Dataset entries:

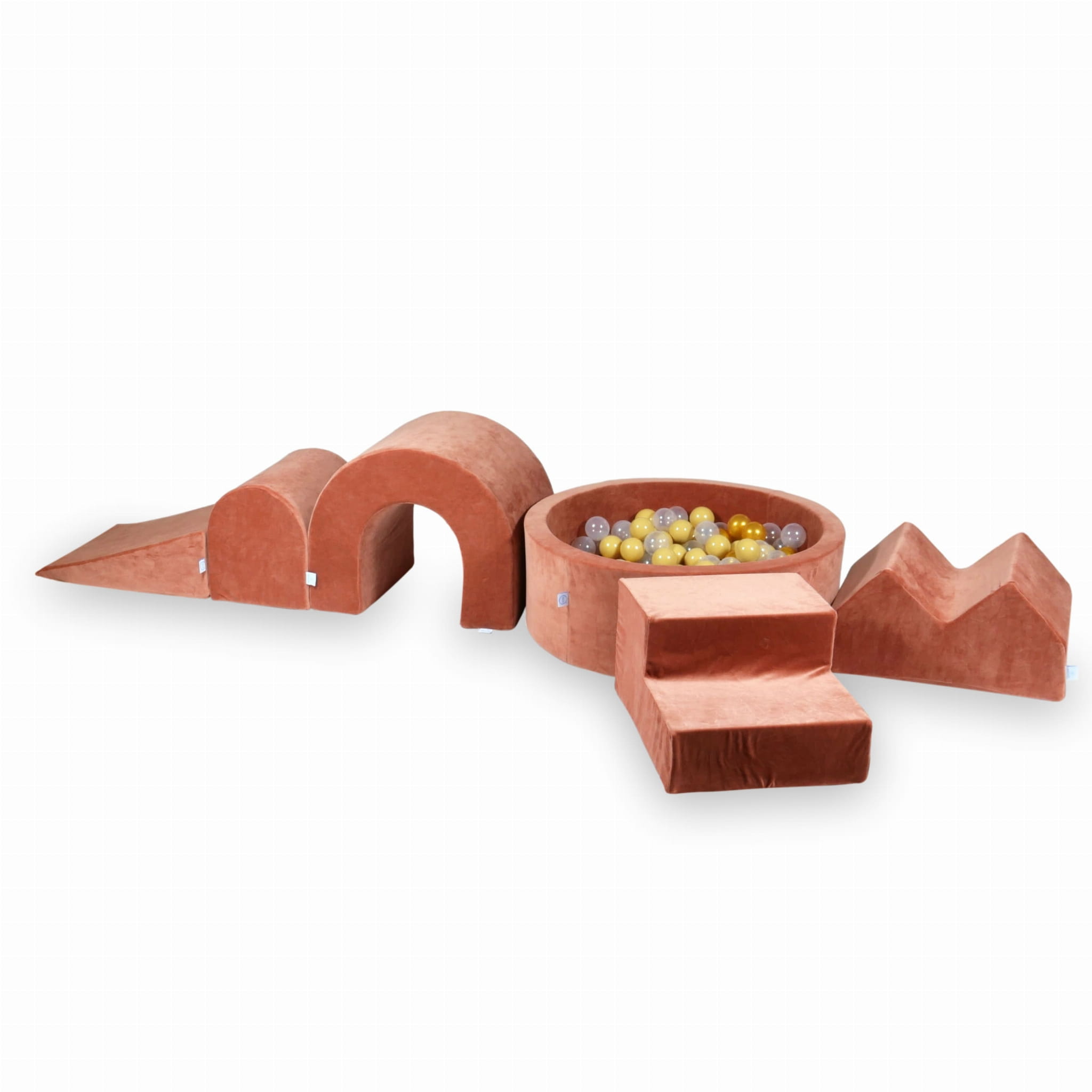Aire de jeux en mousse avec piscine ronde 90x30 Velvet Soft Canyon Clay + 5 éléments + 200 balles (transparent, beige, or)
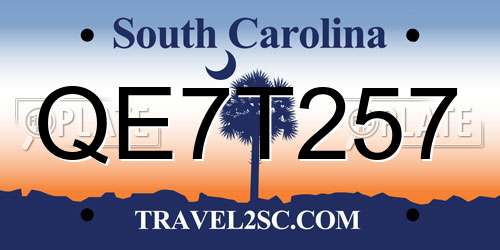 QE7T257 South Carolina License Plate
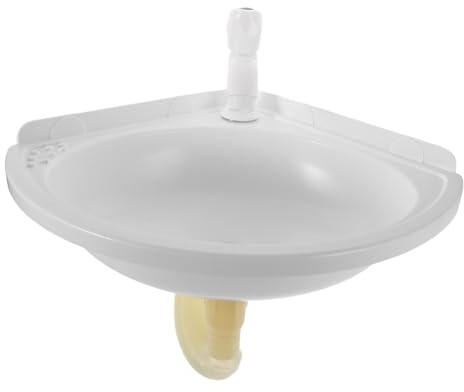 HOMSFOU Corner Wall Mount Bathroom Sink Plastic Triangle Vessel Sink for Small Bathrooms Balconies Wall Hung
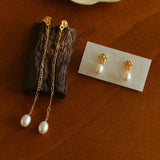 Lava Series Oval Pearl Earrings - floysun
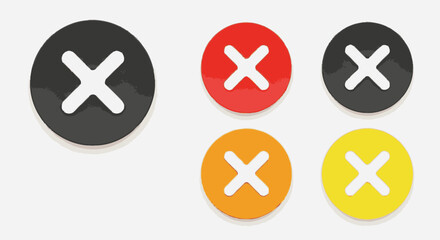 Obraz premium Five round buttons with a white X, in black, red, orange, and yellow.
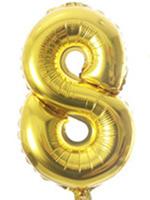 16" & 40" Celebration Numbers 1 thru 9 Aluminum Foil Gold Party Balloon Decorations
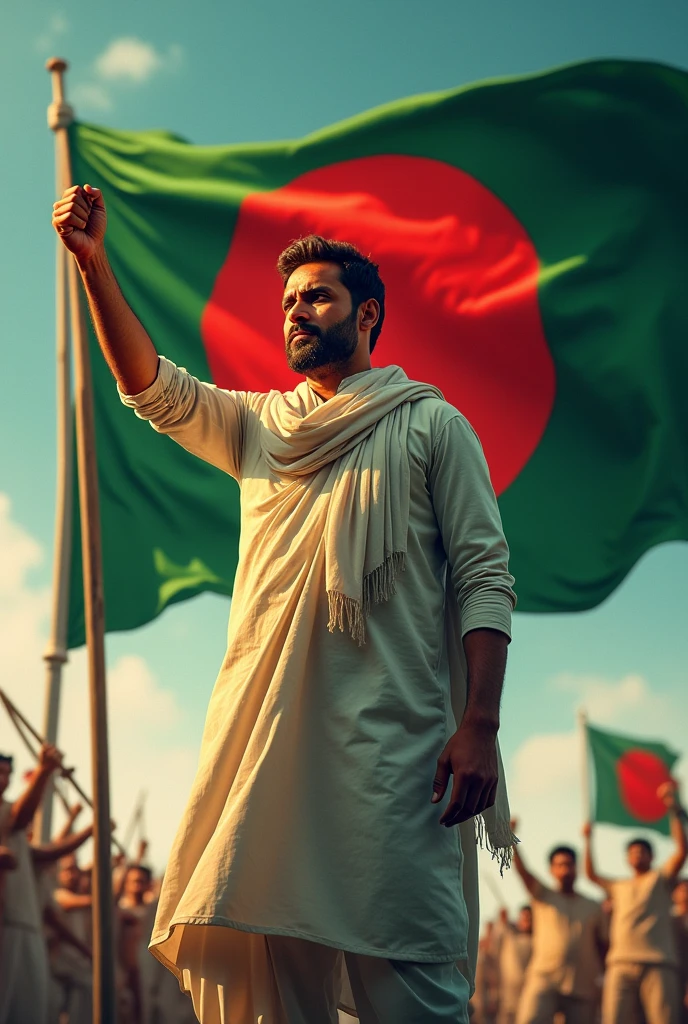 "A powerful and inspiring poster celebrating the 79th Independence Day of Bangladesh. The poster features a strong and determined bangaly man in traditional attire, standing tall against a backdrop of the zBangladeshi flag fluttering in the wind. The background is vibrant, with a mix of red and green colors representing the national flag. The man holds a raised fist, symbolizing the spirit of independence and ."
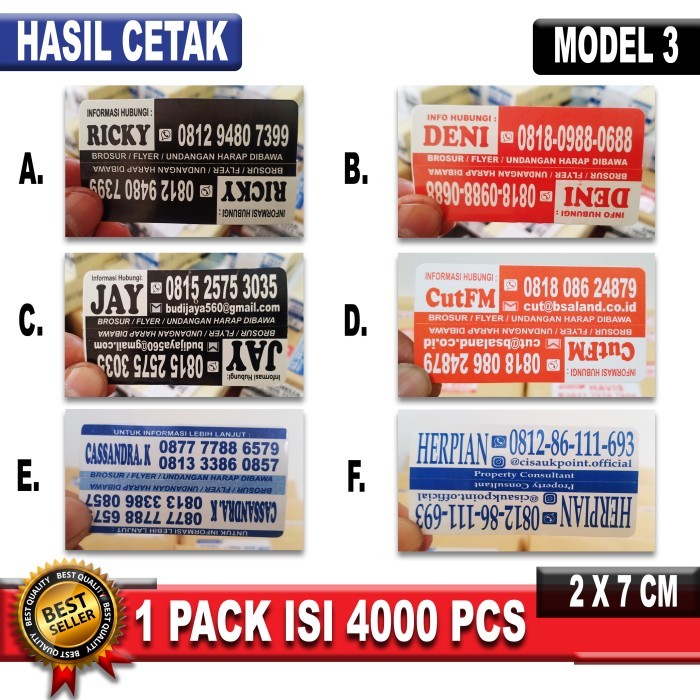 

LABEL/STICKER NAMA UTK MARKETING PROPERTY/MOBIL MURAH ISI 4000 PCS/SET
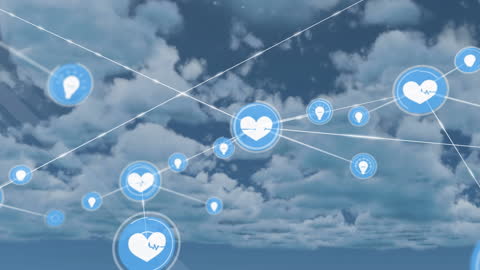 Cloud Computing Network Icons in Scenic Sky Background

> **Exercise**:
Word for word, repeat all of the entries above, leaving out the pictures.

> **Finished exercise**:
Aire de jeux en mousse avec piscine ronde 90x30 Velvet Soft Canyon Clay + 5 éléments + 200 balles (transparent, beige, or)
 QE7T257 South Carolina License Plate
 HOMSFOU Corner Wall Mount Bathroom Sink Plastic Triangle Vessel Sink for Small Bathrooms Balconies Wall Hung
 Lava Series Oval Pearl Earrings - floysun
 Obraz premium Five round buttons with a white X, in black, red, orange, and yellow.
 16" & 40" Celebration Numbers 1 thru 9 Aluminum Foil Gold Party Balloon Decorations
 "A powerful and inspiring poster celebrating the 79th Independence Day of Bangladesh. The poster features a strong and determined bangaly man in traditional attire, standing tall against a backdrop of the zBangladeshi flag fluttering in the wind. The background is vibrant, with a mix of red and green colors representing the national flag. The man holds a raised fist, symbolizing the spirit of independence and ."

LABEL/STICKER NAMA UTK MARKETING PROPERTY/MOBIL MURAH ISI 4000 PCS/SET
 Cloud Computing Network Icons in Scenic Sky Background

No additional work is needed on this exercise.